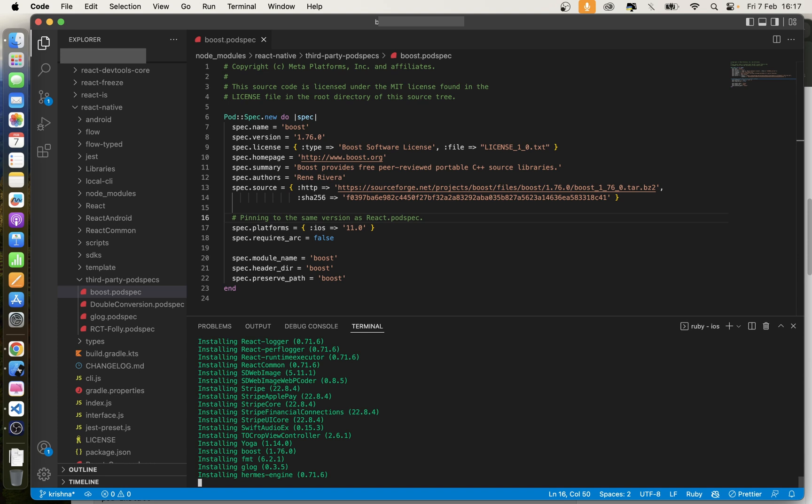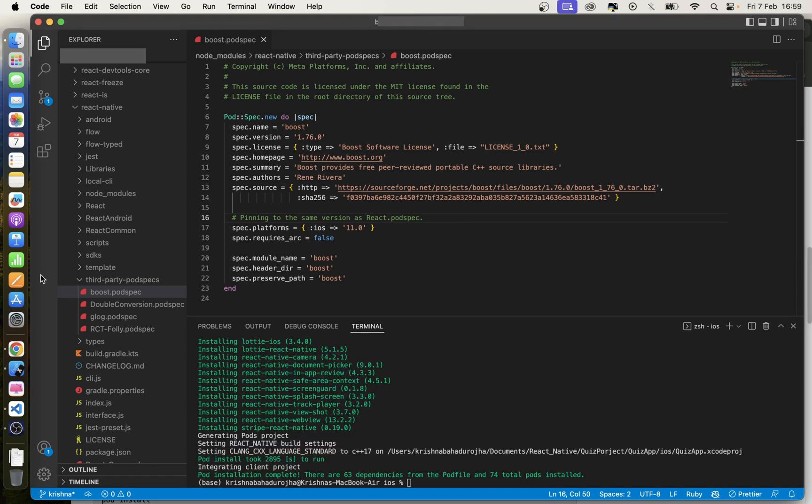You can see now the packages are installing successfully. Thank you for watching. Have a nice day.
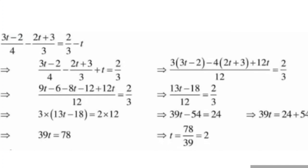By cross multiplication: 13t minus 18 into 3 equals 2 into 12. So 3 into 13t is equal to 34. Next line: 39t is equal to 24 plus 54, which is 78. So t is equal to 78 upon 39. Since 39 twos are 78, the answer is t is equal to 2.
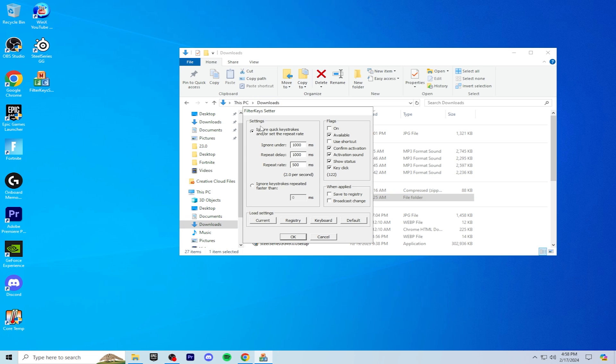For the settings, you're going to put the ignore on 0, repeat delay on 130, and repeat rate 10.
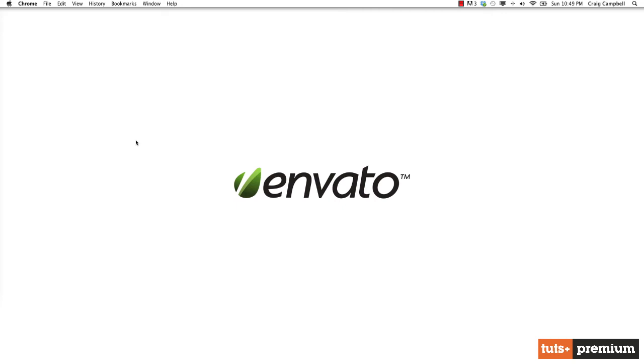You can even animate color. You can animate the background color of an object. And what that would do is it would take that hex value and gradually change its value over time from the beginning value to the end value. So there are tons of possibilities when we're talking about animating using CSS.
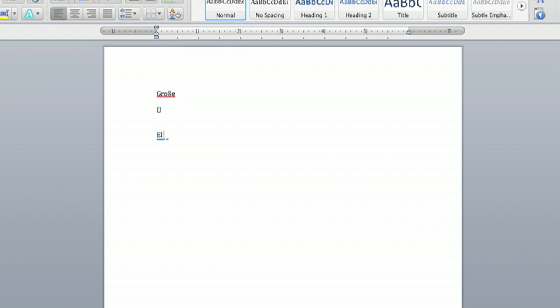Let's say I want to type El Niño. Hold down the N. Press 1. That's it.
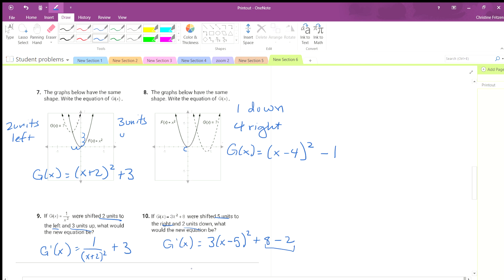So that gives us: horizontal shift right means x minus 5, so it's x minus 5 squared. Then 2 units down means minus 2 outside. You can combine terms to get the same number. So the final form is x minus 5 squared minus 2.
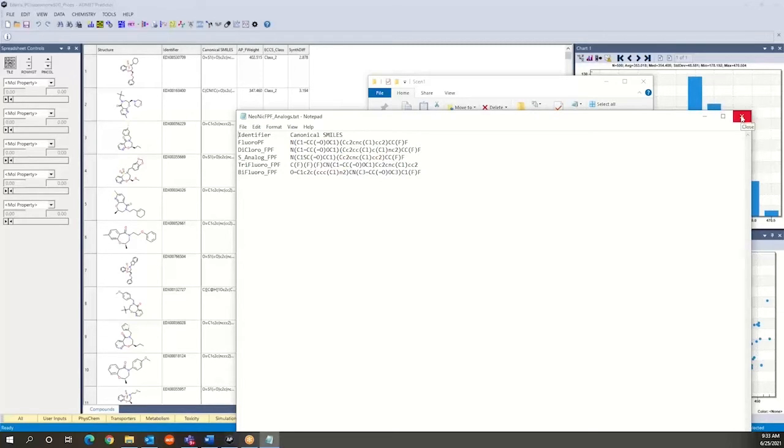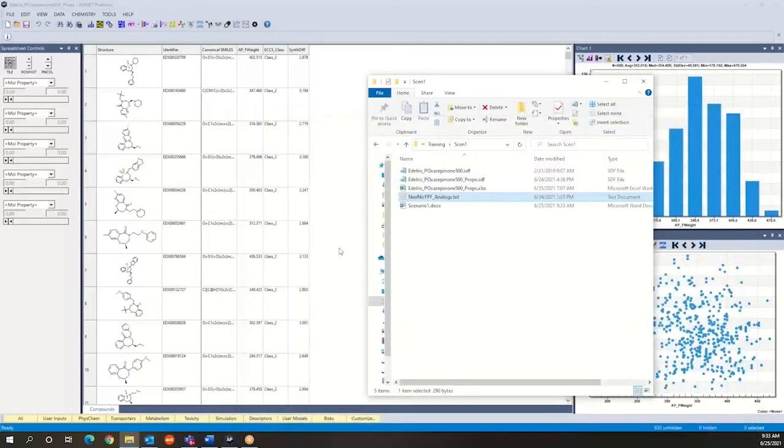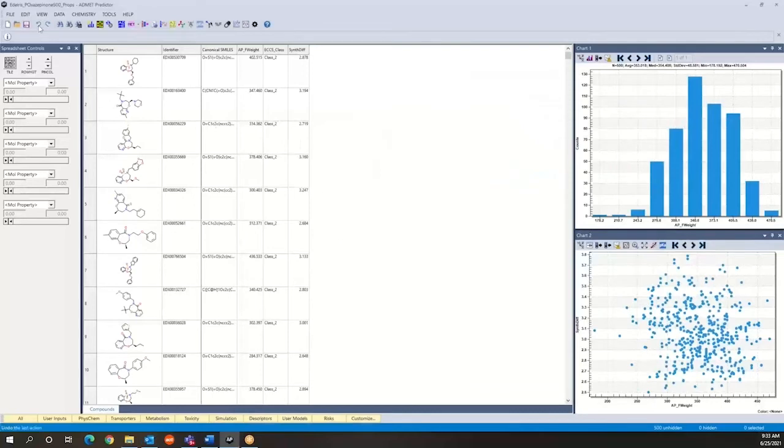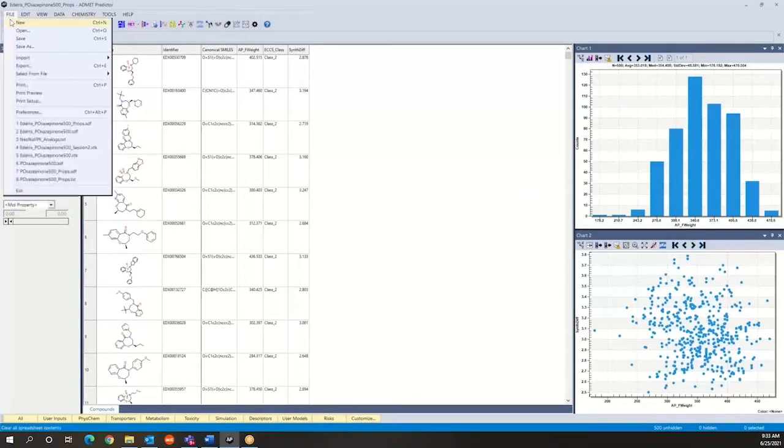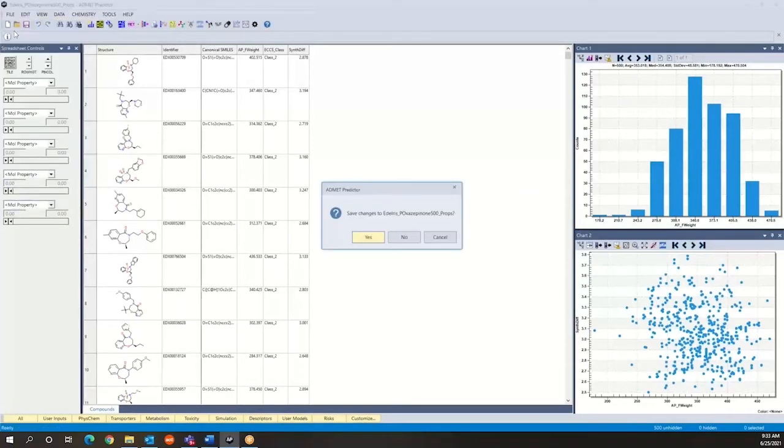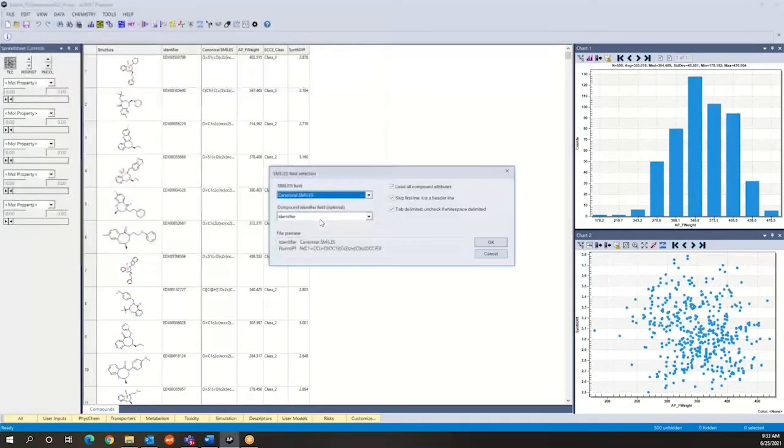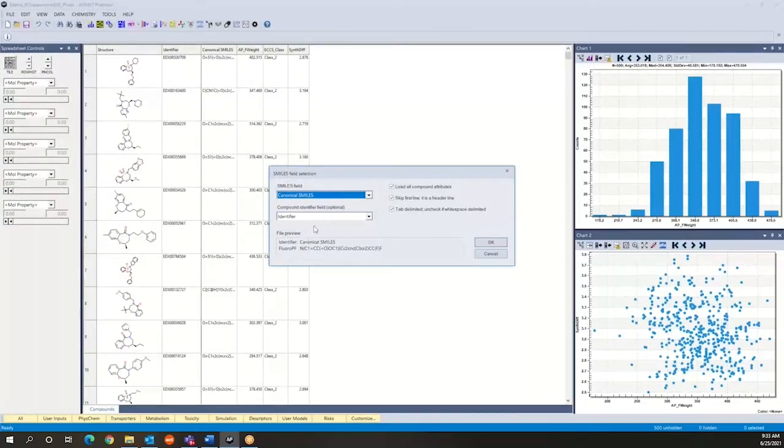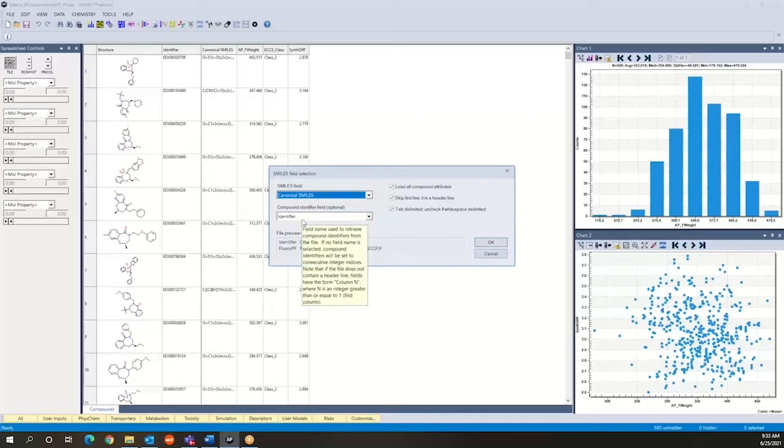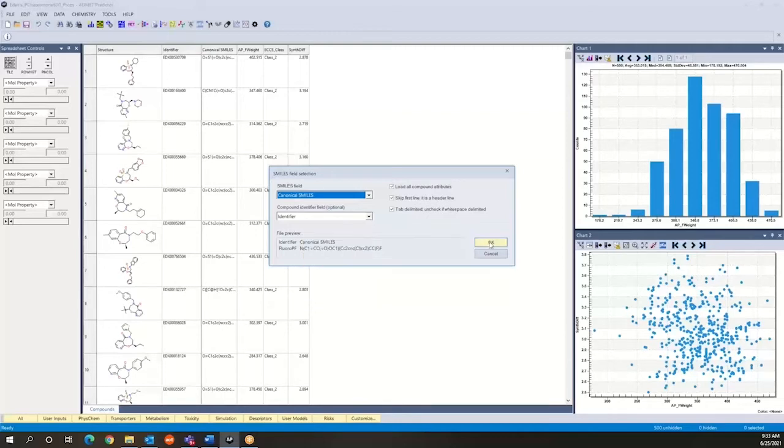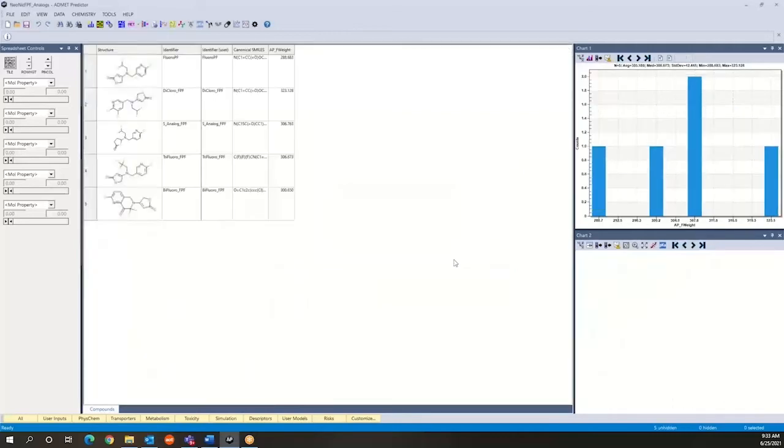And so it's very easy in AdMet Predictor likewise to load these compounds, simply use the same open command, pull down, and just select this file. So the program recognizes that there is a smiles field and also that there is an identifier column that is going to provide the name for each one of these compounds. So just click OK and then the compounds are going to load in a similar way that we've loaded compounds before.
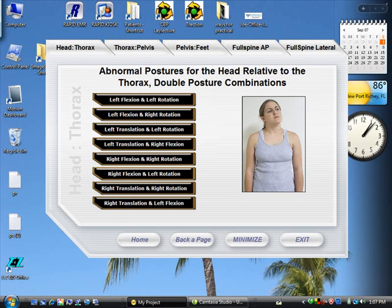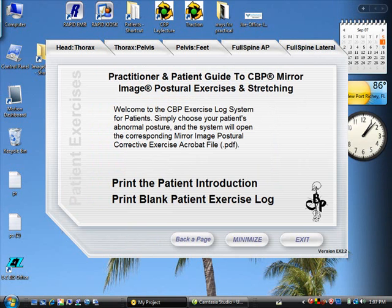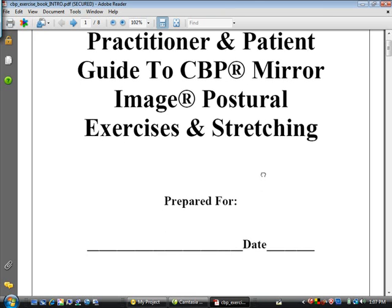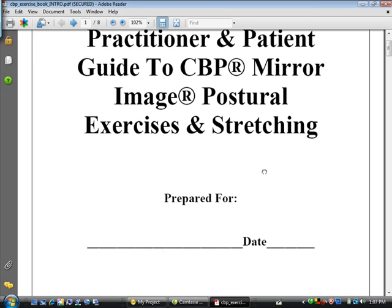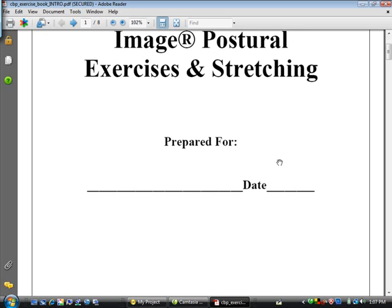You can just prescribe the exercises, but if you want to give your patient a little bit more introduction and you're not using the PosturePrint, what we suggest you do is print the patient introduction right here. The patient introduction is a booklet that you can print on demand — it's eight pages long. You'll print their information here: their name and the date that you prescribe it.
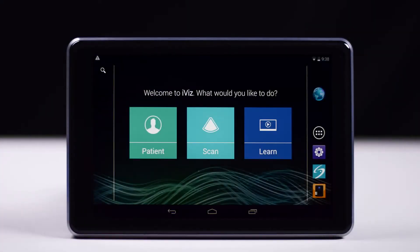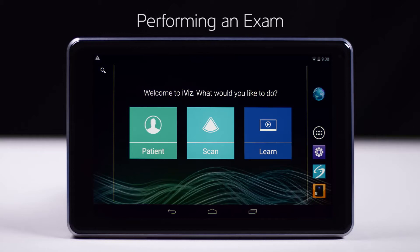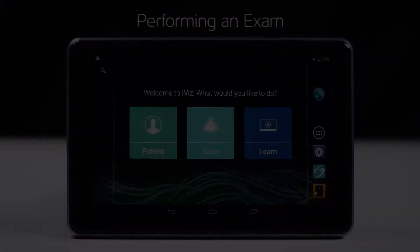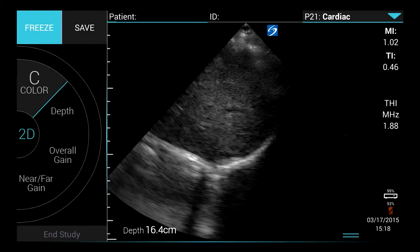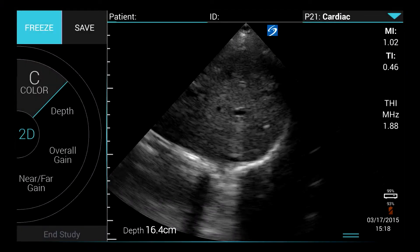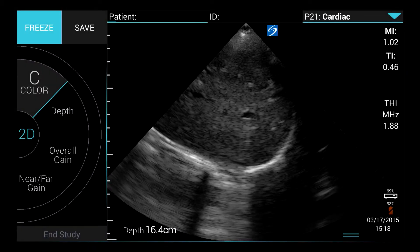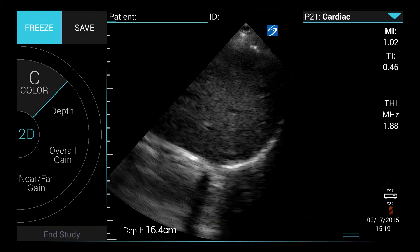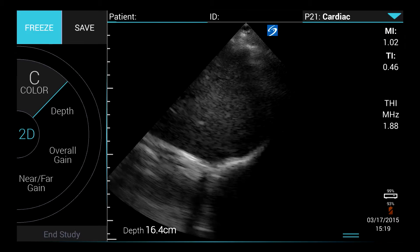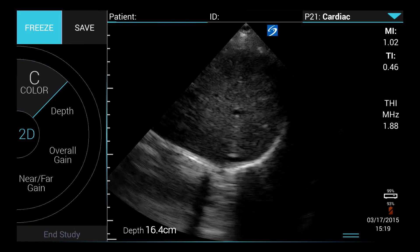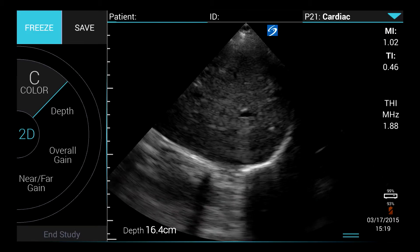Welcome to the help video, Performing an Exam. In this video, we will explain how to select an exam type, adjust parameters such as depth, overall gain, near and far gain, and optimization.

*Work order:* Transcribe every record above exactly as written, leaving out any pictures.

*Response area:*
You can see now the packages are installing successfully. Thank you for watching. Have a nice day.
By cross multiplication: 13t minus 18 into 3 equals 2 into 12. So 3 into 13t is equal to 34. Next line: 39t is equal to 24 plus 54, which is 78. So t is equal to 78 upon 39. Since 39 twos are 78, the answer is t is equal to 2.
For the settings, you're going to put the ignore on 0, repeat delay on 130, and repeat rate 10.
You can even animate color. You can animate the background color of an object. And what that would do is it would take that hex value and gradually change its value over time from the beginning value to the end value. So there are tons of possibilities when we're talking about animating using CSS.
Let's say I want to type El Niño. Hold down the N. Press 1. That's it.
So that gives us: horizontal shift right means x minus 5, so it's x minus 5 squared. Then 2 units down means minus 2 outside. You can combine terms to get the same number. So the final form is x minus 5 squared minus 2.
And so it's very easy in AdMet Predictor likewise to load these compounds, simply use the same open command, pull down, and just select this file. So the program recognizes that there is a smiles field and also that there is an identifier column that is going to provide the name for each one of these compounds. So just click OK and then the compounds are going to load in a similar way that we've loaded compounds before.
You can just prescribe the exercises, but if you want to give your patient a little bit more introduction and you're not using the PosturePrint, what we suggest you do is print the patient introduction right here. The patient introduction is a booklet that you can print on demand — it's eight pages long. You'll print their information here: their name and the date that you prescribe it.
Welcome to the help video, Performing an Exam. In this video, we will explain how to select an exam type, adjust parameters such as depth, overall gain, near and far gain, and optimization.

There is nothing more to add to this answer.